[PATCH] dma doc updates

This updates the DMA API documentation to address a few issues: - The dma_map_sg() call results are used like pci_map_sg() results: using sg_dma_address() and sg_dma_len(). That's not wholly obvious to folk reading _only_ the "new" DMA-API.txt writeup. - Buffers allocated by dma_alloc_coherent() may not be completely free of coherency concerns ... some CPUs also have write buffers that may need to be flushed. - Cacheline coherence issues are now mentioned as being among issues which affect dma buffers, and complicate/prevent using of static and (especially) stack based buffers with the DMA calls. I don't think many drivers currently need to worry about flushing write buffers, but I did hit it with one SOC using external SDRAM for DMA descriptors: without explicit writebuffer flushing, the on-chip DMA controller accessed descriptors before the CPU completed the writes.
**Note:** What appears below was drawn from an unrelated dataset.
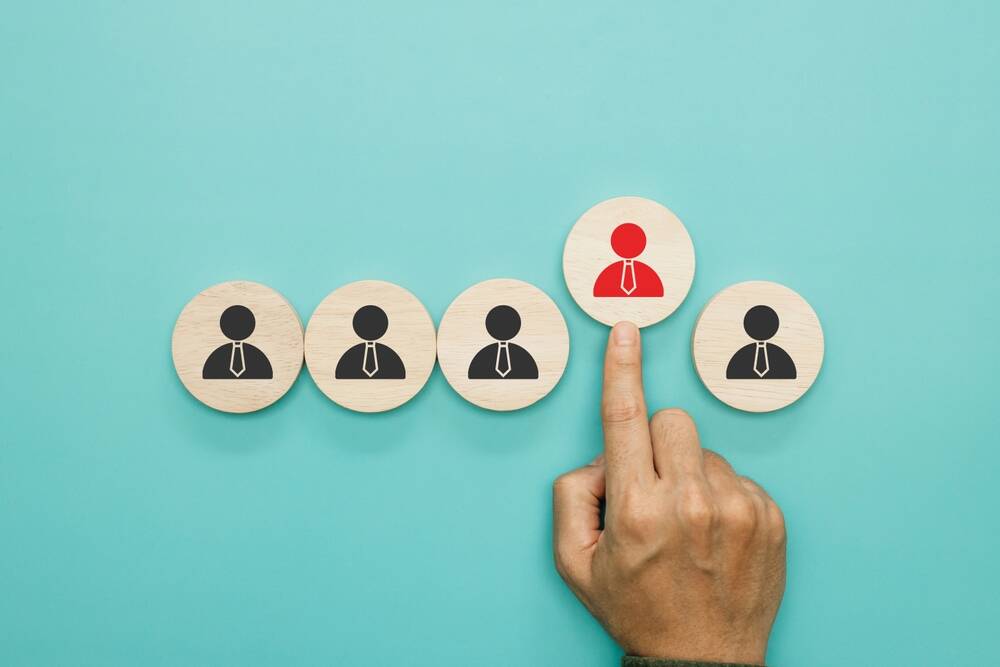 Garantía de permanencia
Signed-off-by: David Brownell <dbrownell@users.sourceforge.net> Signed-off-by: Greg Kroah-Hartman <gregkh@suse.de>
author: David Brownell <david-b@pacbell.net> 2006-04-01 13:21:52 -0500
committer: Greg Kroah-Hartman <gregkh@suse.de> 2006-04-14 15:25:26 -0400
commit: 21440d313358043b0ce5e43b00ff3c9b35a8616c (patch)
tree: 32f3ed659a76ad6e4a6061b57346178cf3fa6256 /Documentation
parent: 2d1e1c754d641bb8a32f0ce909dcff32906830ef (diff)
2 files changed, 53 insertions, 18 deletions
diff --git a/Documentation/DMA-API.txt b/Documentation/DMA-API.txt
index 1af0f2d5022..2ffb0d62f0f 100644
--- a/Documentation/DMA-API.txt
+++ b/Documentation/DMA-API.txt
@@ -33,7 +33,9 @@ pci_alloc_consistent(struct pci_dev *dev, size_t size,
 Consistent memory is memory for which a write by either the device or
 the processor can immediately be read by the processor or device
-without having to worry about caching effects.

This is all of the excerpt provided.